SAN DIEGO, Calif. — There is a faulty narrative echoing whenever the U.S. media, U.S. elected officials and other institutions on this side of the border talk about the Mexican drug war.
Oops, I did it myself. From this point on, we should call this bloody and historic campaign the American-Mexican drug war. That’s because — even though many folks in this country deny it, in part because they want nothing to do with anything Mexican except margaritas and chimichangas — this war is as much America’s as it is Mexico’s.
Yet, whether through congressional testimony or evening newscasts, the language used to describe what is going on south of the border suggests that Americans are helping to bail out Mexico — as if our neighbor were some Wall Street lending institution. The recurring theme is that the Mexican government is outgunned and outmanned by drug cartels, and so it now needs America’s help — either in the form of military aid or the deployment of more U.S. law enforcement officers to conduct southbound interdictions at the border in the hopes of intercepting stashes of guns and money.
A more accurate description of the current situation is that the United States is helping itself by protecting its own security and its own people. This isn’t exactly a popular view. Many Americans are in no mood to partner with Mexico to rid that country of drug lords. Besides, as far as many Americans are concerned, it’s the corruption and inefficiency of the Mexican government that planted the seeds for the recent violence.

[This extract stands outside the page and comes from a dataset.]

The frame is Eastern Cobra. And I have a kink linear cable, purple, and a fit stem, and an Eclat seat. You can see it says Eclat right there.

One person who knows better is Homeland Security Secretary Janet Napolitano. Last week, on her way to Mexico to attend a gun trafficking conference, Napolitano stopped by for a visit with the editorial board of the San Diego Union-Tribune. As the former governor of Arizona, Napolitano knows her way around the border. And she knows who keeps the cartels in business.
"Demand for drugs on our side is one of the primary causes of the richness that these cartels have," she said. "And quite frankly as a country we need to refocus on how do you reduce that demand."

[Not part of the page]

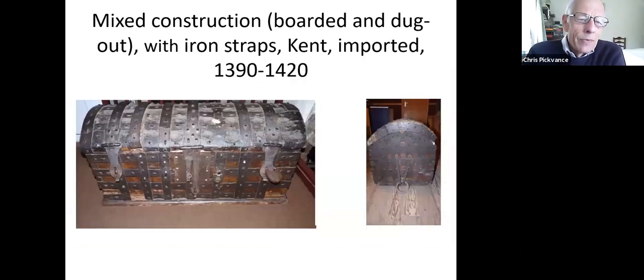A slightly more advanced type of chest mixes types of construction. There's this chest found in Kent which uses the boarded construction for the base with five planks, and then the lid is hollowed out from limewood. This has been dated 1390 to 1420 and provenanced to the Baltic area. So this shows that construction methods can combine.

Napolitano also noted that, with Mexican President Felipe Calderon designating the war on drug cartels his number one priority, the United States has a unique opportunity to eradicate a scourge that afflicts both countries. And it has to move fast in order to take advantage of what is really an unprecedented moment in Mexico.
"That is a window opening that we’ve not had before," Napolitano said. "In the United States, we have a stake in his success in this endeavor because these cartels, it’s not just how they impact safety along the border but it’s the huge quantities of drugs they bring over the border and distribute throughout the United States — and that is directed to a lot of violent crime in other places throughout the United States. That’s why the Department of Homeland Security is involved, and why the nation needs to be involved."

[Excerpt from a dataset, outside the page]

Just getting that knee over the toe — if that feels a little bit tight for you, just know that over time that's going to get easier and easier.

Napolitano is right about Americans being heavily involved in the demand end of the equation.
But — when it comes to another illicit commodity — we also provide supply. Not only do we line the pockets of drug lords by buying enormous amounts of illegal drugs at outrageous prices, we arm them by selling — at outrageous prices — every variety of firearm. Regrettably, those guns are then used by narcos to kill Mexican soldiers and police officers.
And as if that weren’t enough — in what Calderon and other Mexican leaders consider to be an unforgivable insult — we then glorify the drug lords on this side of the border as romantic figures and self-made entrepreneurs. Consider that, just last month, Forbes Magazine named Jorge "El Chapo" Guzman, the reputed head of the ruthless Sinaloa drug cartel, one of the richest people in the world alongside internet billionaires and media moguls.
Clearly, the United States is a major actor in this drama from the opening scene to what will someday — perhaps many years from now — be the final curtain. And like it or not, Americans have an enormous investment in the outcome of Calderon’s battle against the cartels. The drug war is an ugly baby, but it’s America’s baby. We might as well claim it.
Ruben Navarrette Jr. is a nationally syndicated columnist, a member of the editorial board of the San Diego Union-Tribune, and a weekly contributor to cnn.com.